Okay... Why isn't this thread over.? Riku Wins End of Story.


----------



## C. Hook (Aug 21, 2010)

HeavyMetalThunder said:


> disney universe is creepy.




Chernabog was a fun boss fight. One of the most enjoyable parts of the first Kingdom Hearts, really (Although I'd say the extra boss fights are the best parts).


----------



## C. Hook (Aug 21, 2010)

1234567890 said:


> Just because you admitted defeat doesn't mean everyone has, besides now it's about the +1's


----------



## LazyWaka (Aug 21, 2010)

C. Hook said:


> Chernabog was a fun boss fight. One of the most enjoyable parts of the first Kingdom Hearts, really (Although I'd say the extra boss fights are the best parts).



You mean like that phantom guy in neverland and that that multi-armed scarab guy in agrabah? 

(that scarab guy pissed me off for some reason.)


----------



## HeavyMetalThunder (Aug 21, 2010)

the extra bosses were the only characters I really appreciated. I love the ghost in neverland. I can't defeat that thing


----------



## Banhammer (Aug 21, 2010)

I don't remember a scarab guy

But yeah, them, sephiroth the ice and earth titans


----------



## Level7N00b (Aug 21, 2010)

waka0793 said:


> You mean like that phantom guy in neverland and that that multi-armed scarab guy in agrabah?
> 
> (that scarab guy pissed me off for some reason.)
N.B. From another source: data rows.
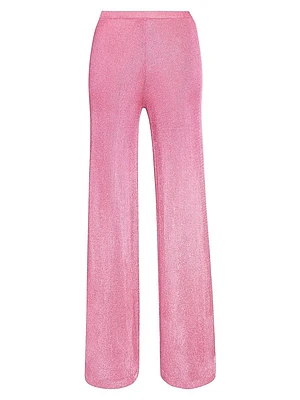 Sheldon Metallic Knit Pants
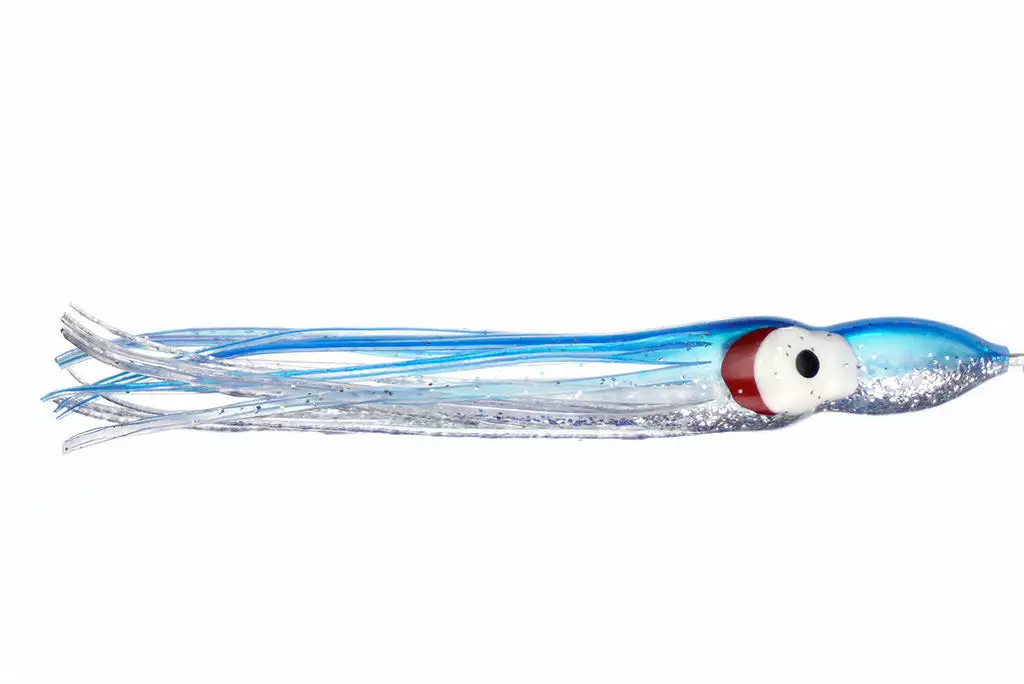 NORTH PACIFIC OCTOPUS 4-1/4" LBB46 Hoochies 2 NORTH PACIFIC OCTOPUS 4-1/4" LBB46 Hoochies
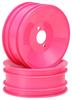 Yokomo Front Wheel (Pink) 2.2 Inch YZ-821-2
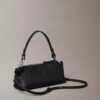 Slouchy Leather Small Convertible Bag Slouchy Leather Small Convertible Bag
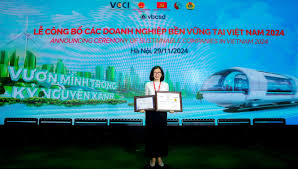 BAT Việt Nam lần thứ 6 được vinh danh trong Top 100 Doanh nghiệp Bền vững Việt Nam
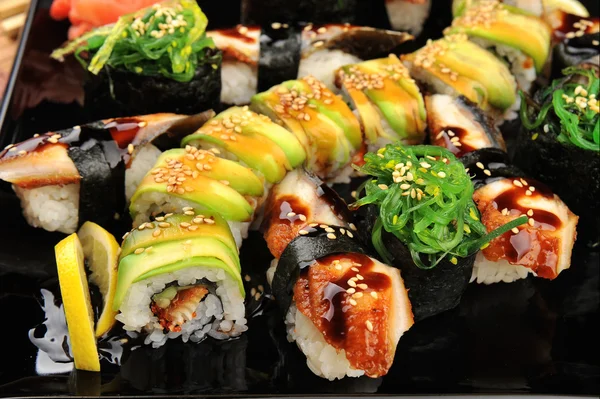 Sushi-Set — Stockfoto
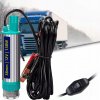 VEĽKÁ ELEKTRICKÁ PUMPA 12V NA PREČERPÁVANIE PALIVA, OLEJA, NAFTY A VODY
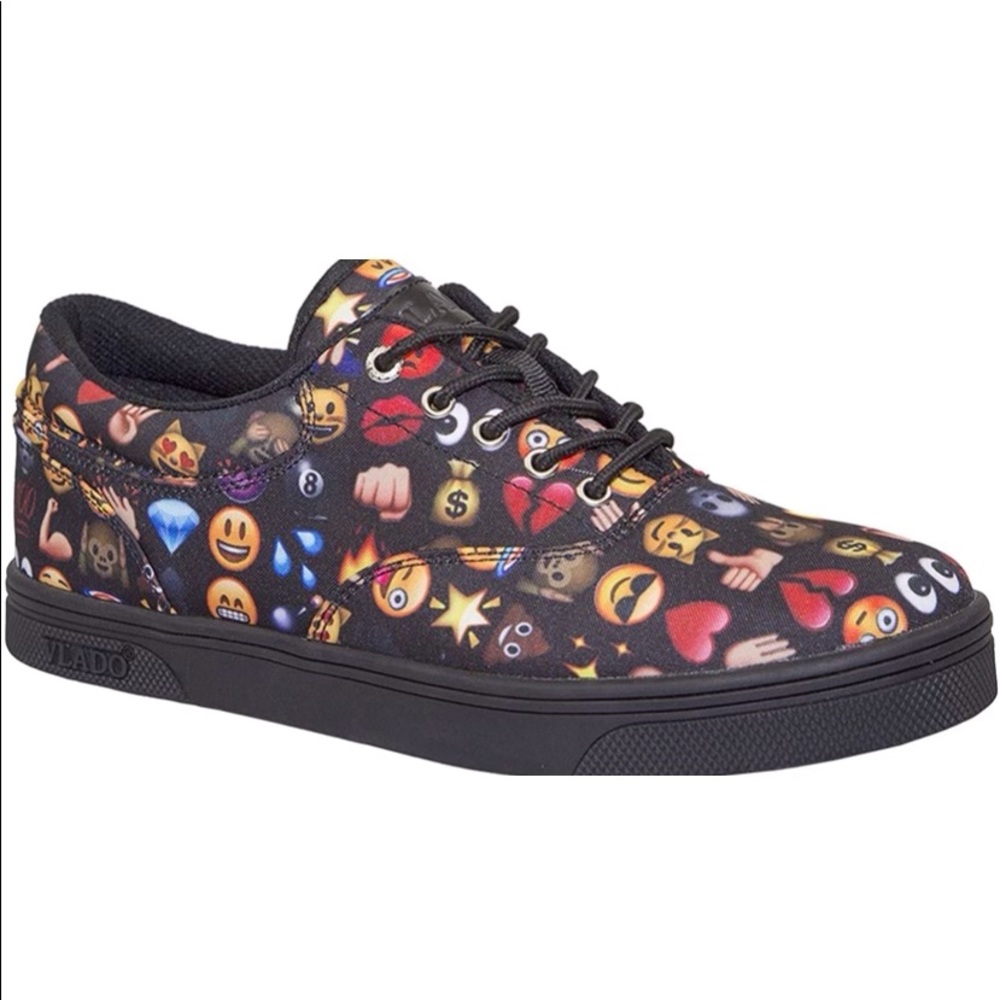 Vlado Footwear Menś  Milo Low Top Sneakers Size8.5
The Phantom made me piss myself and I ran outta the room and hid behind a woman.

Kurt Vista, was easy.


----------



## C. Hook (Aug 21, 2010)

I found Kurt Ziza harder than Sephiroth for a while.

Then I realized that Tinkerbell makes the fight a thousand times easier.


----------



## LazyWaka (Aug 21, 2010)

HeavyMetalThunder said:


> the extra bosses were the only characters I really appreciated. I love the ghost in neverland. I can't defeat that thing



He's actually rather easy once you know you have to use stopra on the clock tower.



Banhammer said:


> I don't remember a scarab guy
> 
> But yeah, them, sephiroth the ice and earth titans



You know that big thing you have to fight while in agrabah while you're going to the cave of wonders on the carpet?

EDIT: his name is kurt ziza.

I found the earth titan to be dissapointingly easy (which is good for when you want to level up.) Though, ice titan and sephiroth were awesome.


----------



## Level7N00b (Aug 21, 2010)

The Rock Titan was retardedly easy. And th Ice Titan wasn't so hard either, a lot of block spam was needed though.


----------



## LazyWaka (Aug 21, 2010)

Level7N00b said:


> Kurt Vista, was easy.



The reason he pissed me off was because I was only level 50 and I was low on health when I first came across him.



Level7N00b said:


> The Rock Titan was retardedly easy. And th Ice Titan wasn't so hard either, a lot of block spam was needed though.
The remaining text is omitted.